Limiter les dépenses des collectivités : « C’est notre ligne rouge »

« Notre ligne rouge, c’est qu’il n’est pas question de commencer à parler du début d’un corsetage des finances des collectivités, suivi de potentielles sanctions », avertit d’emblée le rapporteur général du budget au Sénat. La pomme de la discorde, ce sont les « contrats de confiance » entre les collectivités et l’Etat, une disposition ajoutée par le gouvernement après l’utilisation du 49.3 à l’article 40 quater du texte transmis au Sénat. Christine Lavarde, sénatrice LR, a d’ailleurs interpellé Élisabeth Borne sur le sujet aux questions d’actualité au gouvernement ce mercredi.

Le gouvernement projetterait ainsi de remettre sur la table les fameux « contrats de Cahors », suspendus en 2020 lors de la pandémie, qui limitaient l’augmentation des dépenses de fonctionnement des collectivités. En échange de cet engagement à la rigueur financière, l’Etat promettait la stabilité des dotations aux collectivités, votées chaque année dans une enveloppe du budget appelée « DGF » (dotation globale de fonctionnement). Pour la majorité sénatoriale, et pour Jean-François Husson, pas question de voir revenir ce dispositif honni des associations d’élus : « L’Etat est-il à ce point exemplaire qu’il peut venir tirer les oreilles des collectivités ? Non, non et non. Les collectivités ne concourent qu’à 8 % du déficit, si l’Etat pouvait s’occuper de sa contribution, on gagnerait du temps. »
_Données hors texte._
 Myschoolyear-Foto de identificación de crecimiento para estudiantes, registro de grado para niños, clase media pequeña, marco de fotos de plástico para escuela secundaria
« Ni immobilisme, ni feu d’artifice »

Le rapporteur général du budget voit ainsi dans l’examen du projet de loi de finances au Sénat, l’occasion de revenir sur certaines orientations jugées trop dépensières du gouvernement, tout en répondant à certains besoins légitimes en pleine crise énergétique : « C’est un budget qui présente un peu la particularité, dans un temps de crise où Bruno Le Maire dit être à l’euro près, de ne même pas être au milliard d’euros près. On présentera des dispositifs pour faire des économies, c’est ça la priorité. Il faut porter un message de cohésion et d’effort national. Il y a des pistes d’économies, puis parfois dans le contexte actuel, il n’y a pas de fenêtre de tir, ça s’entend. » La devise de Jean-François Husson et de la majorité sénatoriale sur ce texte ? « Ni immobilisme, ni feu d’artifice. »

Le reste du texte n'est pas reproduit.